Da noi si v. spt. il d. lgs. 9 luglio 2003 n. 216 e  il d . lgs. di pari data n° 215 (autore di riferimento sul tema è il prof. Daniele Maffeis in moltri scritti tra cui questo).

Nel mondo anglosassone , soprattutto statunitense, c’è un’enormità di scritti sul tema: si v. ad es. Rebecca Kelly Slaughter-Janice Kopec & Mohamad Batal, Algorithms and Economic Justice: A Taxonomy of Harms and a Path Forward for the Federal Trade Commission, Yale Journal of Law & Technology

Il giudice così scrive:

<In sum, what the plaintiffs have alleged is that they each used Facebook to search for housing based on identified criteria and that no results were returned that met their criteria. They assume (but plead no facts to support) that no results were returned because unidentified advertisers theoretically used Facebook’s Targeting Ad tools to exclude them based on their protected class statuses from seeing paid Ads for housing that they assume (again ,with no facts alleged in support) were available and would have otherwise met their criteria. Plaintiffs’ claim  that Facebook denied them access to unidentified Ads is the sort of generalized grievance that is insufficient to support standing. See, e.g., Carroll v. Nakatani, 342 F.3d 934, 940 (9th Cir. 2003) (“The Supreme Court has repeatedly refused to recognize a generalized grievance against allegedly illegal government conduct as sufficient to confer standing” and when “a government  actor discriminates on the basis of race, the resulting injury ‘accords a basis for standing only to those persons who are personally denied equal treatment.’” (quoting Allen v. Wright, 468 U.S. 737, 755 (1984)).9 Having failed to plead facts supporting a plausible injury in fact sufficient to confer standing on any plaintiff, the TAC is DISMISSED with prejudice>.

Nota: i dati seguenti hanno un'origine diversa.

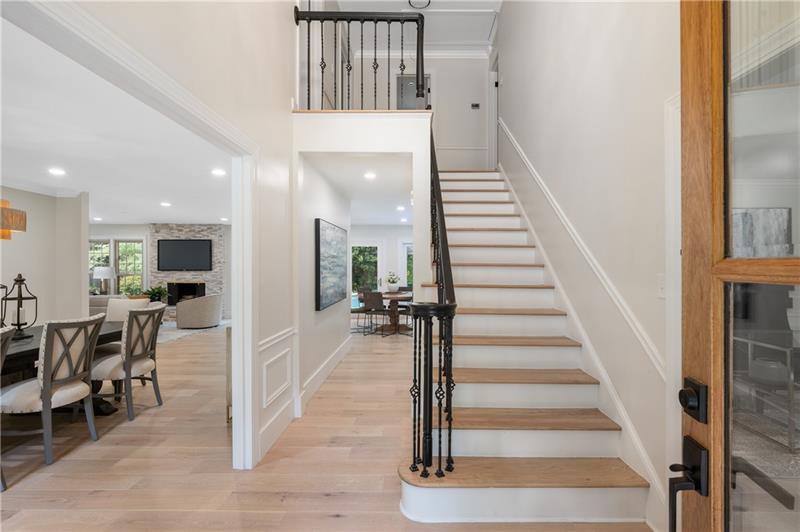 6270 Riverwood Drive, Sandy Springs, Georgia 30328, 5 Bedrooms Bedrooms, ,5 BathroomsBathrooms,Residential,Sold,6270 Riverwood Drive,7335973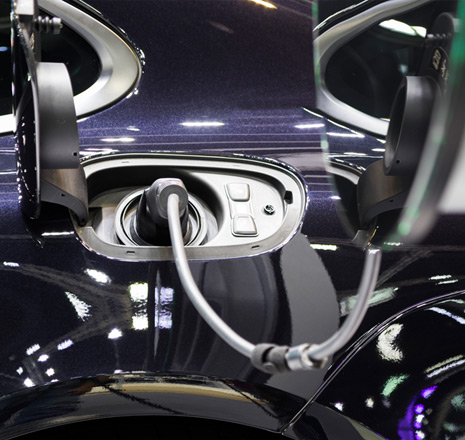 Ładowanie samochodu elektrycznego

Così il Northern District of California 20 agosto 2021, Case 3:19-cv-05081-WHO , Vargas c. Facebook .

Il quale poi dice che anche rigattando quanto sorpa, F. srebbe protetta dal safe harbour ex § 230 CDA e ciò nonostante il noto precedente Roommates del 2008, dal quale il caso sub iudice si differenzia:

<<Roommates is materially distinguishable from this case based on plaintiffs’ allegations in the TAC that the nowdefunct Ad Targeting process was made available by Facebook for optional use by advertisers placing a host of different types of paidadvertisements.10 Unlike in Roommates where use of the discriminatory criteria was mandated, here use of the tools was neither mandated nor inherently discriminatory given the design of the tools for use by a wide variety of advertisers.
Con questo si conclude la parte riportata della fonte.